Light Magic for Dark Times: More than 100 Spells, Rituals, and Practices for Coping in a Crisis, by Lisa Marie Basile
Fair Winds Press, 1592338534, 176 pp., 2018

There’s a trend in witch lit toward books that treat witchcraft as a form of self-care. Light Magic for Dark Times: More than 100 Spells, Rituals, and Practices for Coping in a Crisis by Lisa Marie Basile is my idea of the zenith of that trend. Furthermore, I’m not mad about it! But I’m also not exactly here for it either, as I’ll explain.

Lisa Marie Bastille has created a lovely, well-conceived and well-written book that provides for the witch identified occultist a little antidote to the current political and sociocultural moment. As she observes, we are collectively going through some dark times: the global rise of fascism and re-emergence of white supremacy, the effects of climate change, political threats to women’s reproductive autonomy and anti-vaxxers reviving measles — to name a few things that might have us feeling a little down and hopeless! 

I often think about the similarities between New Thought (I’m referring to the early 20th century phenomenon of essentially positive thinking — see my previous review of the excellent Mitch Horowitz book The Miracle Club), or programs of self-improvement, and many witchcraft 101 type books. The emphasis on doing no harm, focusing on oneself, meditation and other means of training the mind, creating goals and manifesting your dreams — there’s a lot of crossover. This personal development is foundational to my own journey on the occult path and my own witchcraft practice. Light Magic for Dark Times takes that perspective a necessary step further to help readers not only grow but also replenish when dark times are taking a toll on our life energy and ability to deal with our day to day. I maintain that personal growth and self-care are foundational to occult practice and witchcraft. 

I do worry that narratives of self-care can perpetuate a focus inward, and reify individualism at a time when collective action and collective caregiving are so necessary. Taking that idea a little further, I wonder at times about the emergence of self-care as a phenomenon that has emerged over the past 10 years or so (culturally and also within activist circles) simultaneously with neoliberal agendas that are systemically eroding our shared public resources such as lost funding to public education, cuts to public health care, a lack of universal accessible childcare, erosion of promises by government to create social housing. I recognize this is quite a digression in a book review — it’s certainly not a criticism of a book I like quite a lot. Yet, I question why activists and leftists aren’t more critical of self-care narratives. 

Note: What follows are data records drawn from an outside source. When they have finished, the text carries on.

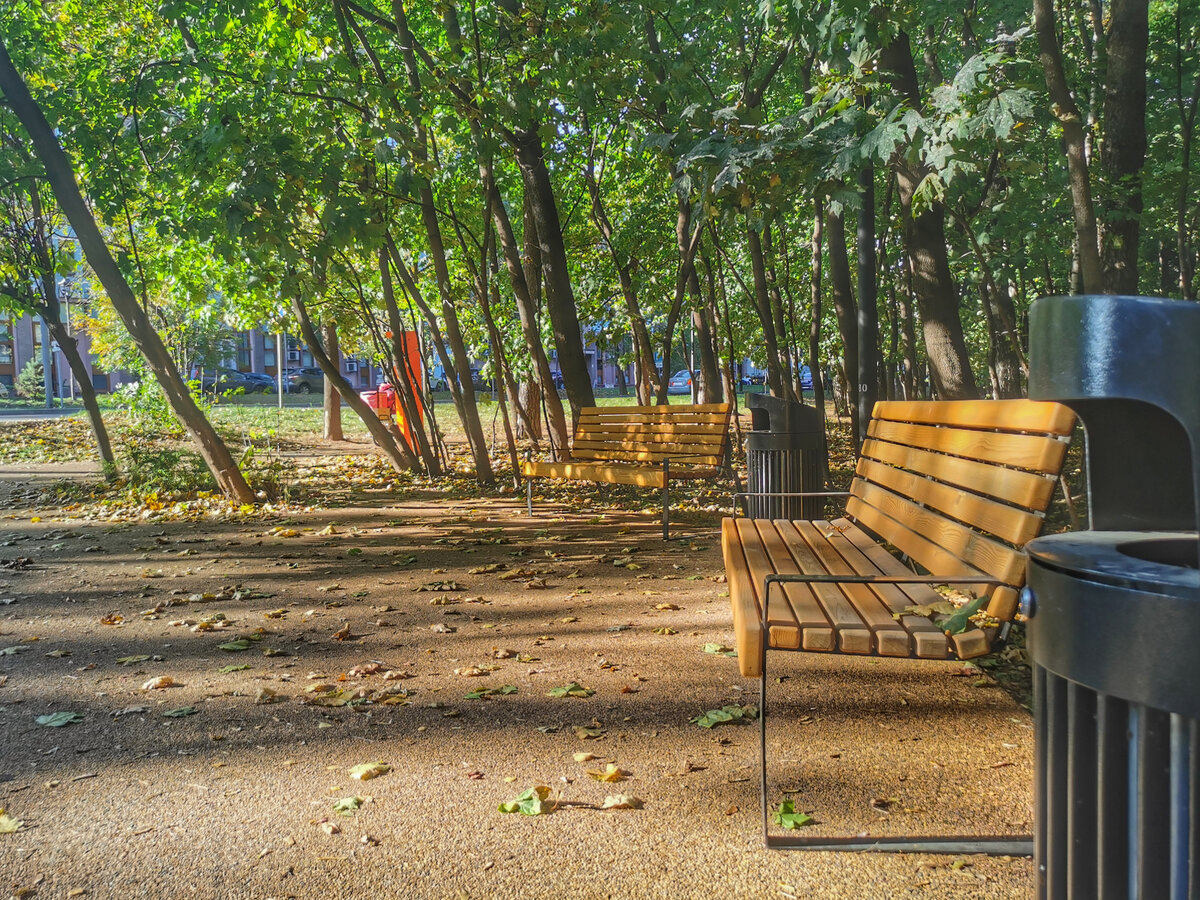 Лавочки во Всехсвятской Роще. 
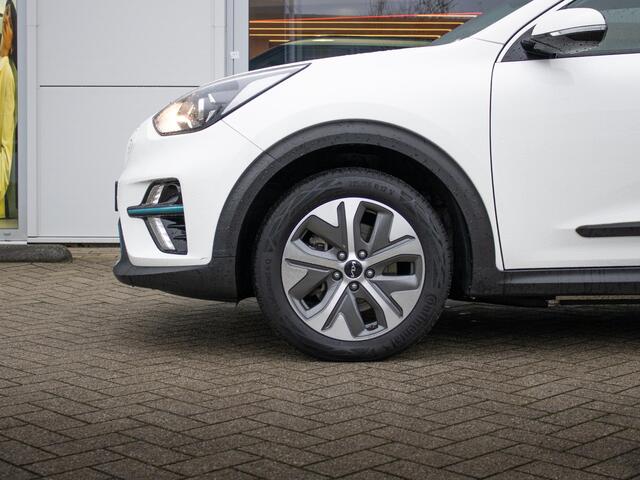 KIA e-Niro DynamicLine 64 kWh | Keyless | Camera | Navigatie | Carplay | DAB+ |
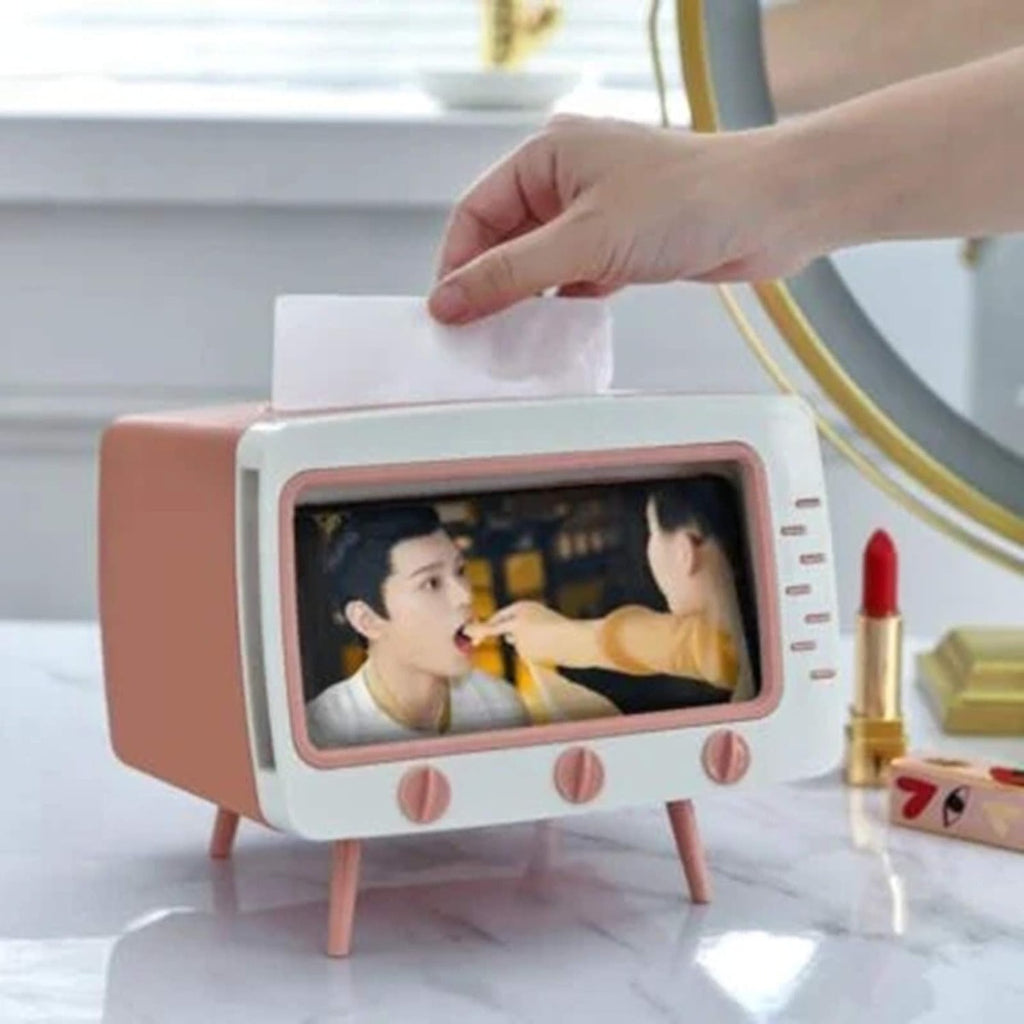 Porta fazzoletti a forma di TV bianco e rosa, mano inserisce un fazzoletto sopra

That critique aside, there’s a lot to love in Basile’s book! It’s a witchcraft book of spells, rituals and practices for coping in a crises but I’d also add it’s much more than that. It’s also a deeply intersectional feminist guide to witchy self-care. My thoughts about self-care as a concept co-exist with a belief that it’s important, and that self-care is a muscle that we can develop and developing it mindfully using witchy consciousness, is probably my favourite way to approach it.

Basile is the creator of Luna Luna, an online magazine. It’s an excellent resource for articles and essays on everything from witchcraft and “living ritually” to body positivity, and is expressly intersectional in focus. With Light Magic for Dark Times, Basile has distilled a lot of wonderful information that I think any witch would enjoy. It’s sort of deceptively simple in that it includes the basics like FAQs (is witchcraft a religion?) and covers ritual basics, and also includes a very simple and accessible list of required materials that would enable to reader to do all the spells (100+!) she includes (with the caveat that substitutions are fine). I think the overarching message here is more complex though: witchcraft is serious business that we engage with for serious purpose, and furthermore that magick is a real tool that we can use to turn the tides against the trend towards darkness that we are experiencing in the world. This is a really profoundly empowering message for any reader. 

The spells included are also not those you’ll find in many other places. You might expect to see “A Serenity Ritual for Powerlessness,”1 but perhaps not “A Practice for Honoring Your Truth After Experiencing Gaslighting” on the facing page. There are spells for confidence, making new friends and connecting with ancestors, but also a ritual to recharge after a protest or social justice work and a spell for disposing of psychic garbage. I like that she includes the basics and the unexpected. You can go as deep as you want with this book, which makes it such a valuable resource. Just reading it feels nourishing to the witch spirit!

In similar fashion to Luna Luna, this book includes the darkness, in the form of shadow work. Basile encourages readers to honour our own shadow side, including and addressing ideas of fear of aging, finding a shadow archetype, disposing of our own psychic garbage, confronting cognitive dissonance, and where appropriate illuminating the darkness. 

Did I mention how nice Light Magic for Dark Times is? It’s beautiful, with a marbled light pink cover, stitched binding, thick pages and a beautiful, spare design including clean lines, unfussy readable font and beautiful watercolour style illustrations. It’s a small hardcover, and I can imagine it will find a place of honour in many witches’ working libraries.